Baffled by bad blood
EUGENE, Ore. – Oregon quarterback Dennis Dixon, who has never played at Husky Stadium or been to Seattle, shakes his head when asked about the Oregon-Washington rivalry.
“I don’t get all this rivalry stuff,” Dixon said. “Every game is a rivalry in itself.”
When Oregon and Washington meet Saturday for the 100th time, the seventh-ranked Ducks will be making their first trip to Seattle since 2003. Current Oregon players haven’t experienced the inhospitable reception that goes along with such a rivalry.
With many players such as Dixon (California) having come from other states, there is hardly a sense of bad blood.
“I was just told we were supposed to beat them,” said receiver Drew Davis, a freshman from Denver.
Oregon has its Civil War with Oregon State, Washington its Apple Cup rivalry with Washington State. Those intrastate matchups obviously are big. They tend to alternate sites each year. Fans create an unmistakable hoopla, players hear stories of slights and nasty behavior, and coaches recognize the recruiting ramifications.

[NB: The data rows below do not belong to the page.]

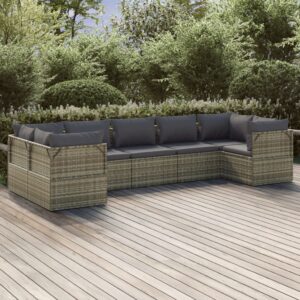 7 Piece Garden Lounge Set with Cushions Grey Poly Rattan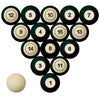 MICHIGAN STATE SCHOOL COLOR NUMBERED BILLIARD BALL SET GREEN SOLID/GREEN STRIPE - MSUBBS100N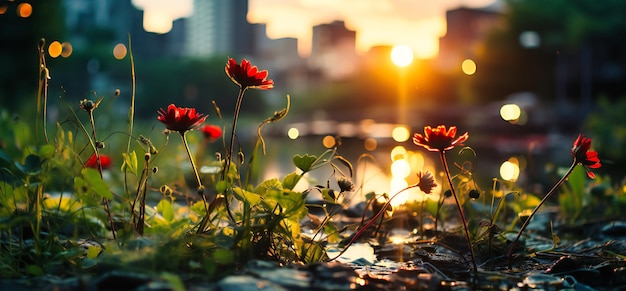 Groen gras bij zonsondergang met vlak gebouw in de buurt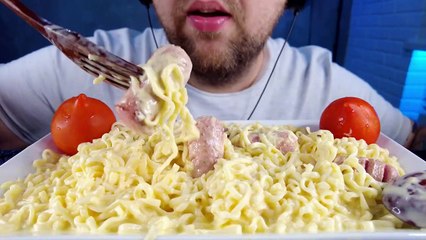 Download Video: ASMR CHEESE NOODLES & KIELBASA SAUSAGES (EATING SOUNDS) NO TALKING MUKBANG EATING SHOW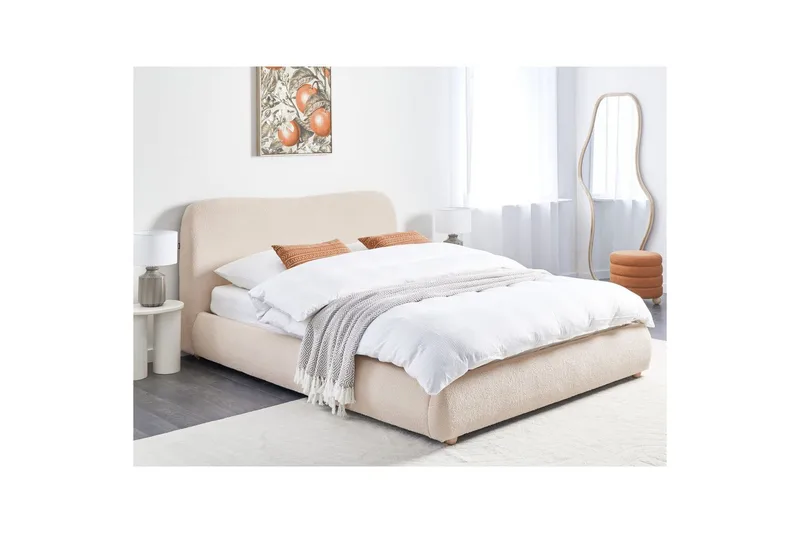 Sänky säilytystilalla Blagnac - Vaaleanbeige/Bouclé, 160x200 cm - Huonekalut - Sänky - Sänkykehikot & sängynrungot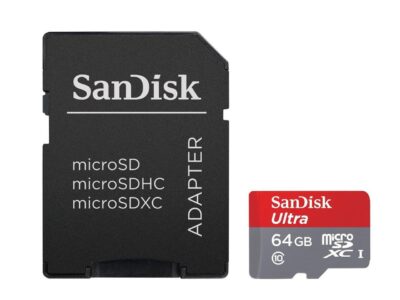 SanDisk 64GB Micro SDHC Flash Card w/ Adapter Model SDSDQUA-064G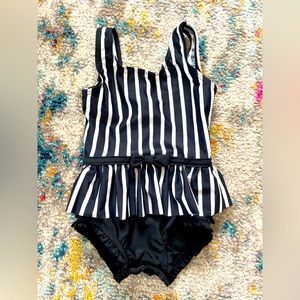 2T black and white strip ruffle butt swimsuit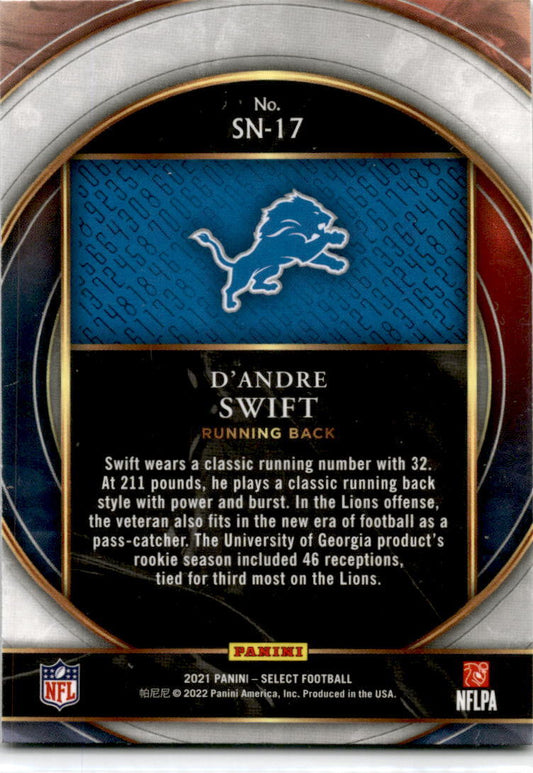 2021 Panini Select Numbers #SN-17 D'Andre Swift Detroit Lions
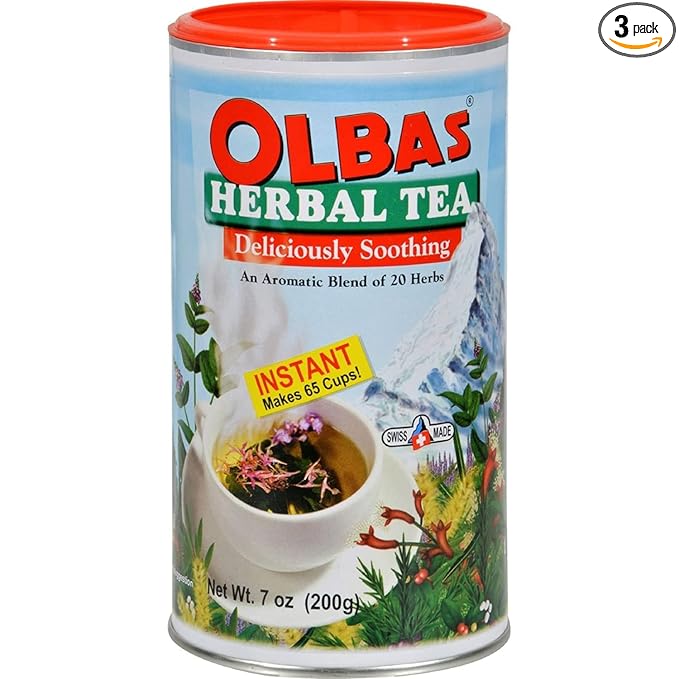 Olbas Herbal Tea 7 Ounce 3 Per Case Swiss Herbal Blend with 20 Soothing Herbs &amp Essential Oils Sore Throat and Stress Relief Tea Warming Comfort Calms Stomach Power to Breathe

As for the Ducks and Huskies, the rivalry lives in the domain of the fans – until players experience the fanaticism for themselves.
“It was something I learned when I got here, I had no prior knowledge of it,” said Washington quarterback Jake Locker, who is from Ferndale, Wash., near the Canadian border.
Locker was at Autzen Stadium here last year when the Huskies lost 34-14 – the closest game the teams have played since the 2000 season.
“I think they knew a lot of us,” Locker said of the personal attention from Oregon fans. “They were calling a lot of us by name. It seems like they had read our bios in the program and knew a lot of stuff about us. It was a pretty hostile environment, to say the least.”
It was all – or mostly all – in good humor, but Locker did describe it as a “different feeling,” and he acknowledged that, to the Huskies, the Oregon rivalry is close in intensity to Washington State.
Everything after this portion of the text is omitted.